__Task directions__. Once you find the line below that has "Kayori Simba drap-housse surmatelas bambou", output it and every line after it exactly, stopping after the line that has "5XYKT3A69FG656303 2015 Kia Sorento Lx", with no pictures.
== Source material
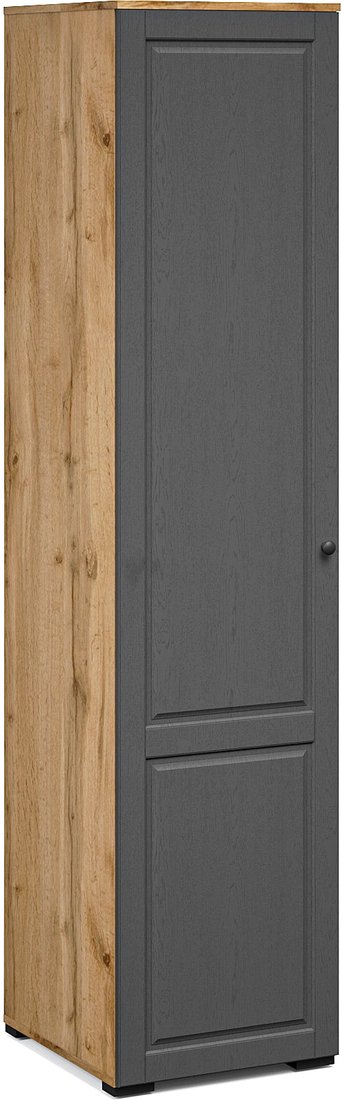 

Шкаф-пенал Империал Лацио Сканди 1д левый (вотан/сканди графит/ручка черная)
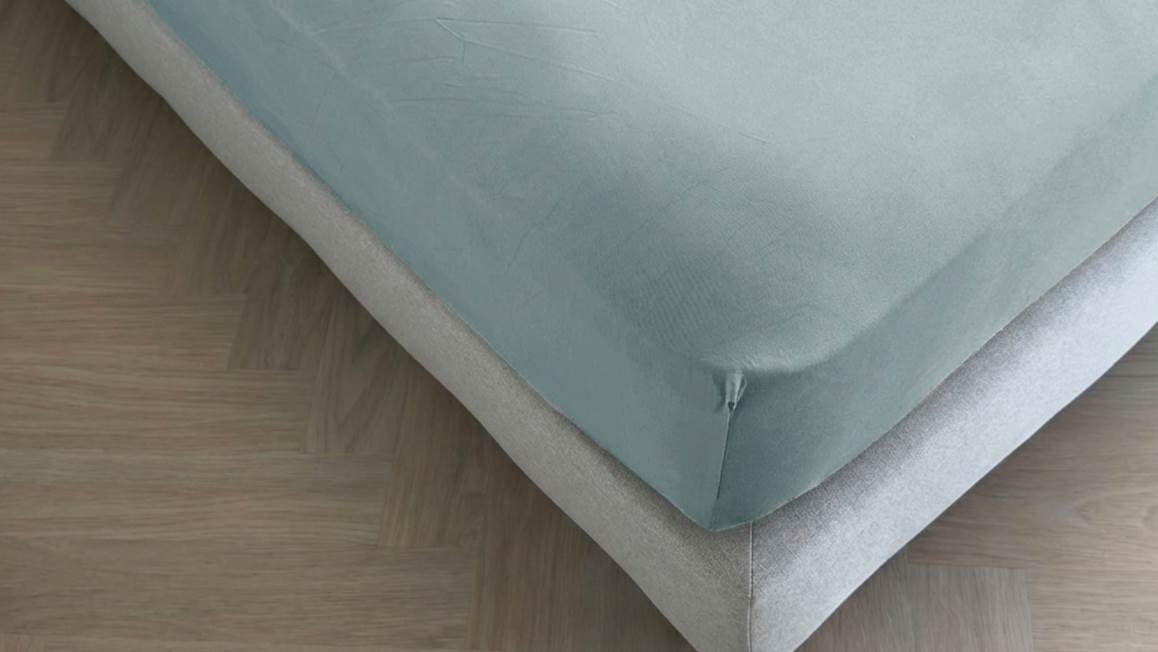Kayori Simba drap-housse surmatelas bambou
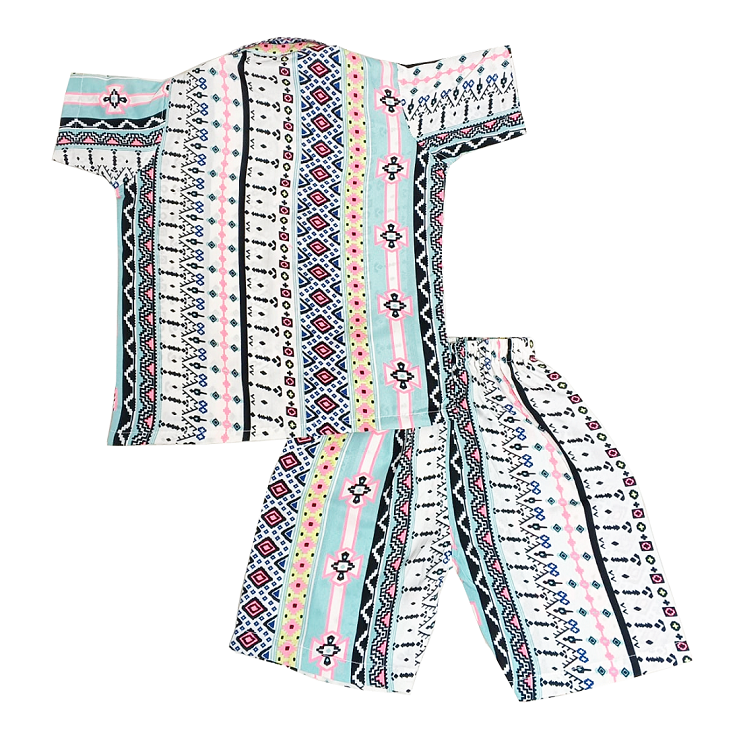 HVM Boys Printed Shorts & Shirt - Image 4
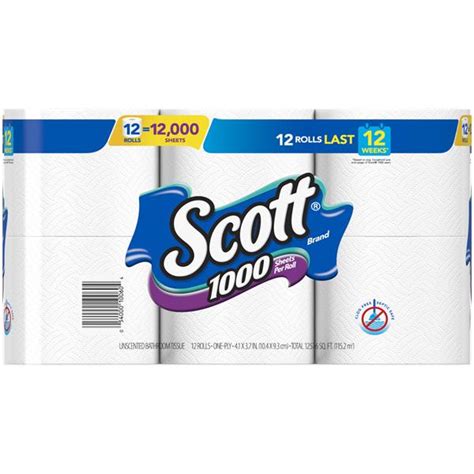 Scott 1000 Sheets Bathroom Tissue | Hy-Vee Aisles Online Grocery Shopping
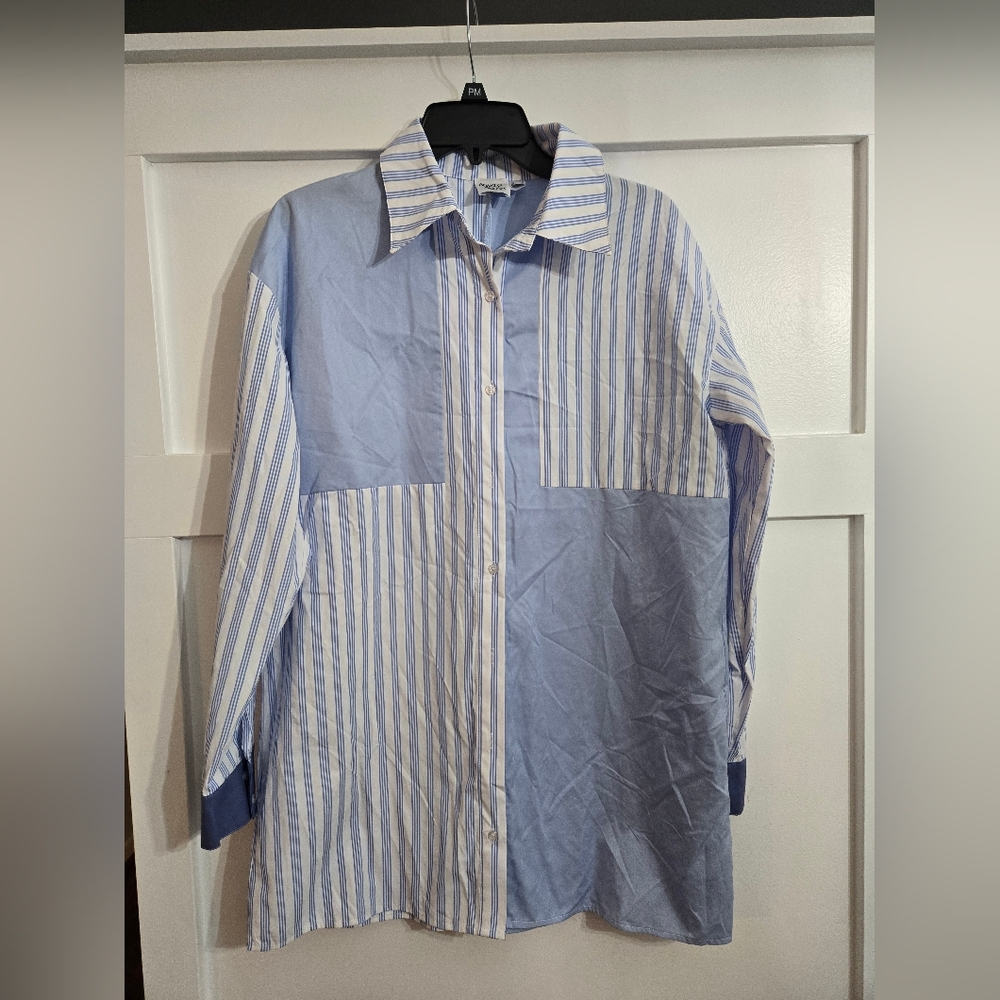 Princess Polly Button Down Size Us 4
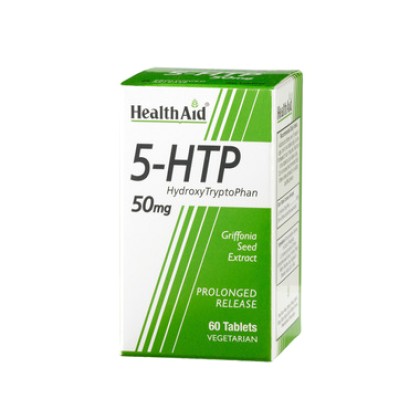 
      Health Aid 5-HTP 50mg 60 ταμπλέτες
    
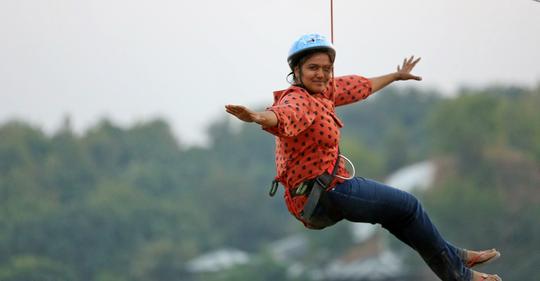 Zipline In Dandeli Image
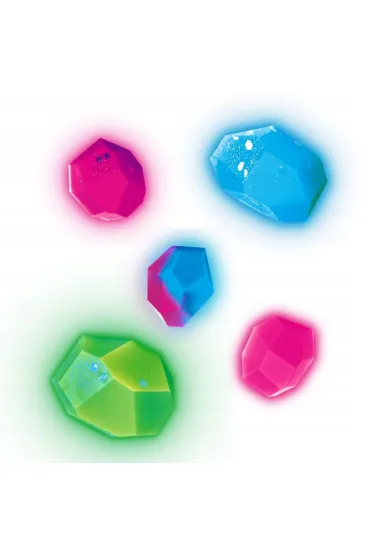 Dumel Squishy Kamienie Fluo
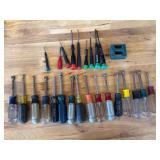 Vintage Craftsman Screwdrivers and More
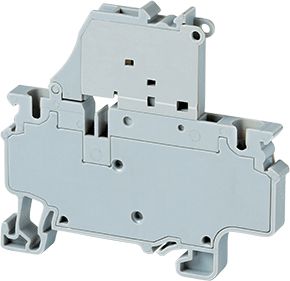 CXF4 CONECTOR (BORNE) PORTA-FUSÍVEL 4MM² POR MOLA CONNECTWELL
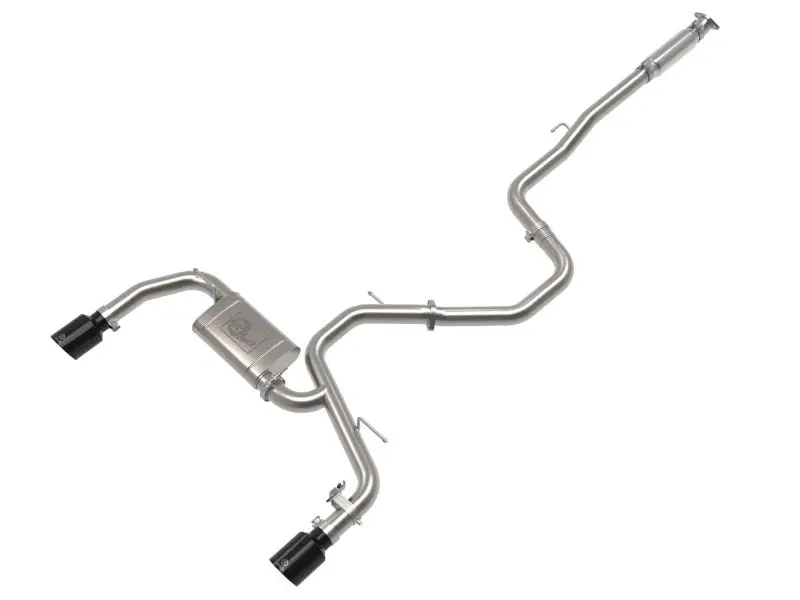 Afe Takeda Hyundai Elantra N 22-25 L4-2.0L (T) 3In 304 Ss Cat-Back Exhaust 1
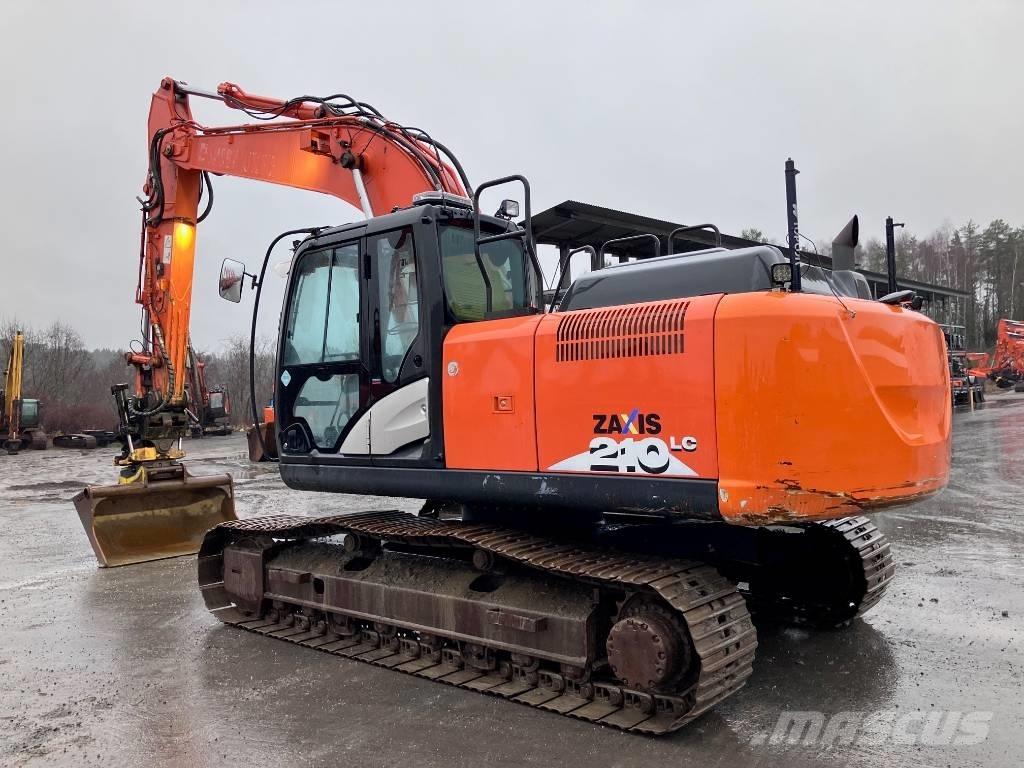 Hitachi ZX210LC-6 Bageri gusjeničari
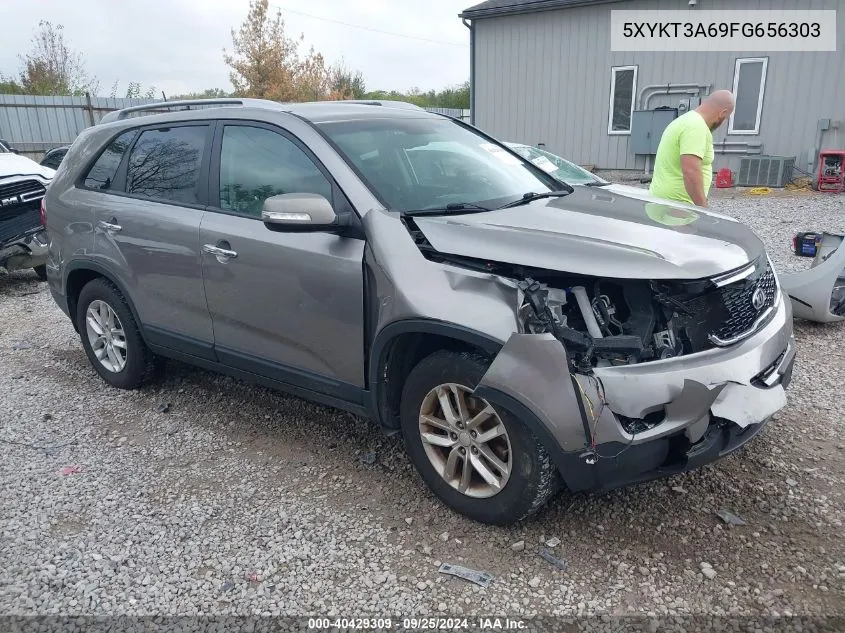 5XYKT3A69FG656303 2015 Kia Sorento Lx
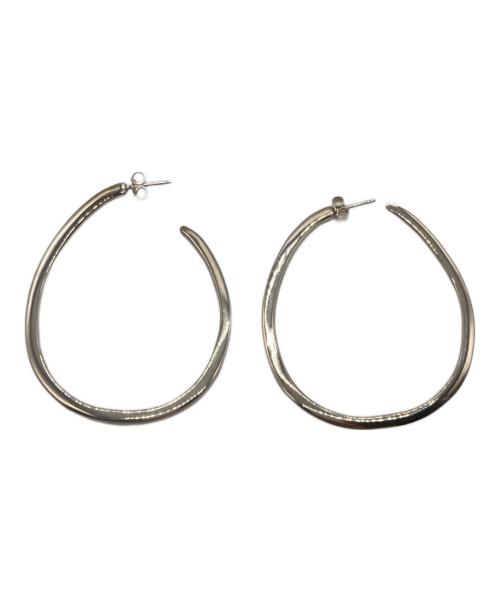 blanciris（ブランイリス）blanciris (ブランイリス) Haricot collection Sterling Silver Pierce/アリコ スターリングシルバー ピアス シルバーの古着・服飾アイテム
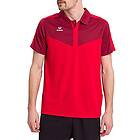 Erima Squad Polo Shirt Lila M Man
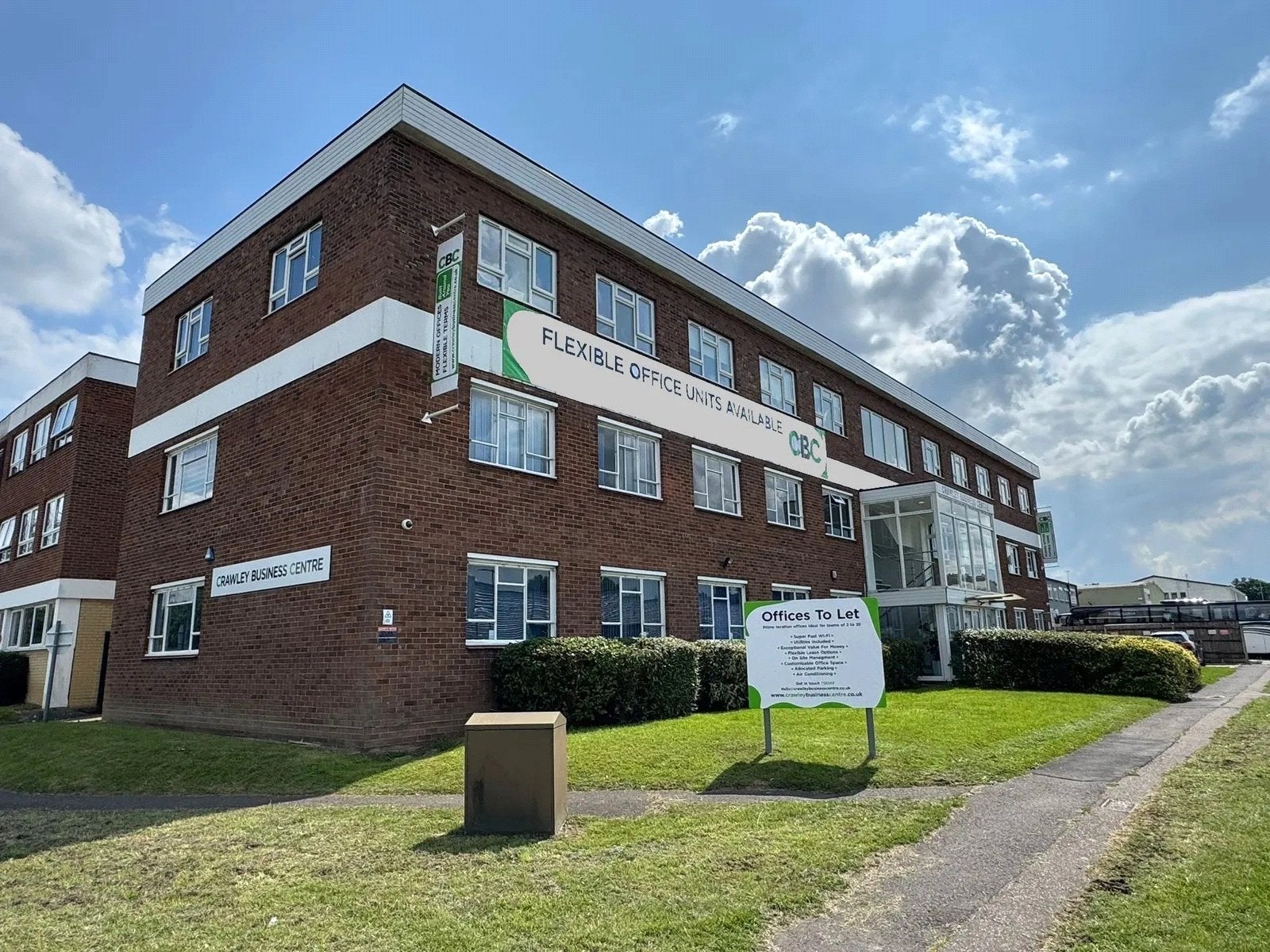 Flat Stephenson Way in Crawley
====
__Output for this task__.
Kayori Simba drap-housse surmatelas bambou
 HVM Boys Printed Shorts & Shirt - Image 4
 Scott 1000 Sheets Bathroom Tissue | Hy-Vee Aisles Online Grocery Shopping
 Princess Polly Button Down Size Us 4
      Health Aid 5-HTP 50mg 60 ταμπλέτες
    
 Zipline In Dandeli Image
 Dumel Squishy Kamienie Fluo
 Vintage Craftsman Screwdrivers and More
 CXF4 CONECTOR (BORNE) PORTA-FUSÍVEL 4MM² POR MOLA CONNECTWELL
 Afe Takeda Hyundai Elantra N 22-25 L4-2.0L (T) 3In 304 Ss Cat-Back Exhaust 1
 Hitachi ZX210LC-6 Bageri gusjeničari
 5XYKT3A69FG656303 2015 Kia Sorento Lx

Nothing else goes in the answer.